The immediate question is: given a query vector, how do you find the most similar ones in your database? You compute cosine similarity against every stored vector and take the top K. Simple enough.

func CosineSimilarity(a, b []float64) float64 {
    var dot, normA, normB float64
    for i := range a {
        dot += a[i] * b[i]
        normA += a[i] * a[i]
        normB += b[i] * b[i]
    }
    return dot / (math.Sqrt(normA) * math.Sqrt(normB))
}

The problem is that these vectors are big. Modern embedding models like Gemini output 3,072-dimensional vectors. Each one is 3,072 float64s = 24,576 bytes. Store 25,000 of them and you're looking at 362 MB on disk, spread across 25,411 individual files if you're using a library like chromem-go.

How long does it take to load 25,411 files from disk and deserialize them? 6.2 seconds. Every time your application starts.

I could talk a lot more about the history and theory of approximate nearest neighbor search, but I think we're straying too far from the article. The point is: I wanted something that could store vectors compressed, search them without decompressing, and open in milliseconds instead of seconds. That's what I ended up building.

Compressing vectors without training data

The naive approach: just use fewer bits

The obvious first idea is scalar quantization: clamp your float64 values to some range and discretize them into, say, 256 buckets (8-bit). Libraries like sqlite-vec do this. It works, but it's sloppy.
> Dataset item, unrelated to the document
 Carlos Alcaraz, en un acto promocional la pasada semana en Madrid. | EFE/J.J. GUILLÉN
You need to scan all your data to find the min/max range, outliers wreck your bucket distribution, and you're still using a full byte per coordinate.
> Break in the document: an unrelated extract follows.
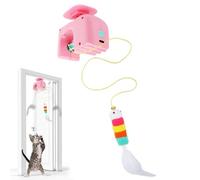 automático para gatos - ABS, felpa 4.72x3.54x1.97 pulgadas | Juego eléctrico interactivo para mascotas, simulación de kits de simulación juguetes colgantes | Ejercicio Entrenamiento Fitness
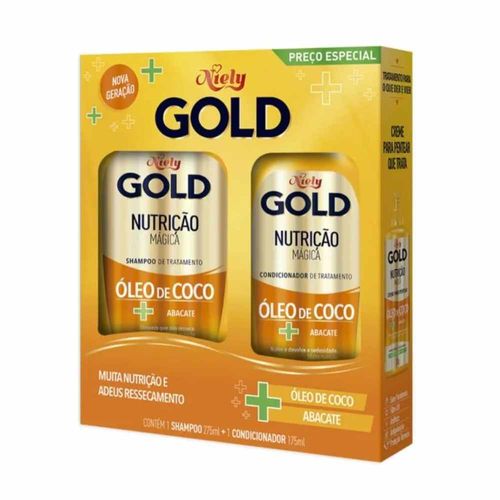 Kit-Shampoo-275ml---Condicionador-175ml-Niely-Gold-Nutricao-Poderosa Kit-Shampoo-275ml---Condicionador-175ml-Niely-Gold-Nutricao-Poderosa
Can we do better? Can we get down to 4 bits per coordinate, a 64x compression ratio from float64, while preserving the ability to actually find the right vectors?

It turns out Google published a paper at ICLR 2026 called TurboQuant that does exactly this. And the really beautiful part is that it needs zero training data. The codebook is derived purely from the mathematical properties of unit vectors.

How TurboQuant works

The pipeline is three steps. Here's the actual code:

func (tq *TurboQuantMSE) Quantize(vec []float64) *tqdb.CompressedVector {
    // 1. Normalize: separate direction from magnitude
    norm := mathutil.NormalizeTo(unitBuf[:d], vec)

    // 2. Rotate: make coordinate distribution predictable
    tq.rotation.Rotate(rotated, unitBuf[:d])

    // 3. Per-coordinate Lloyd-Max quantization
    indices := make([]uint8, workDim)
    tq.codebook.QuantizeTo(indices, rotated)

    return &tqdb.CompressedVector{
        Norm:    float32(norm),
        Indices: indices,
    }
}

Step 1: Normalize. Split the vector into direction (unit vector on the sphere) and magnitude (a single float32). This separation is key. The direction is what carries semantic meaning, and we can compress it aggressively. The magnitude gets stored losslessly.

Step 2: Rotate. Apply a random orthogonal rotation. This is the insight from the paper that makes everything else work. After rotation by any orthogonal matrix, the coordinates of a random unit vector follow a known distribution that converges to Gaussian with standard deviation σ = 1/√d as the dimension grows. The distribution is predictable without looking at the data. This is what makes the quantizer data-oblivious.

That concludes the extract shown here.